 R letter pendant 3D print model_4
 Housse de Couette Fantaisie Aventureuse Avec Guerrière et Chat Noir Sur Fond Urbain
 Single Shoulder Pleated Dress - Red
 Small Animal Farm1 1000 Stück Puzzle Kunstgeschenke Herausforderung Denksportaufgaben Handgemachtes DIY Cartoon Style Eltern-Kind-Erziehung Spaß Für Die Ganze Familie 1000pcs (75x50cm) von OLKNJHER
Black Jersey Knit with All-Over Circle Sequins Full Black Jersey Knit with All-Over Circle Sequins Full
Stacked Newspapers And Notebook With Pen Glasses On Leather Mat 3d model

++++

Give back exactly the lines from the one that contains "Black Jersey Knit with All-Over Circle Sequins Full Black" to the end of the material, both ends kept, and no other line.

[Written solution]
Black Jersey Knit with All-Over Circle Sequins Full Black Jersey Knit with All-Over Circle Sequins Full
Stacked Newspapers And Notebook With Pen Glasses On Leather Mat 3d model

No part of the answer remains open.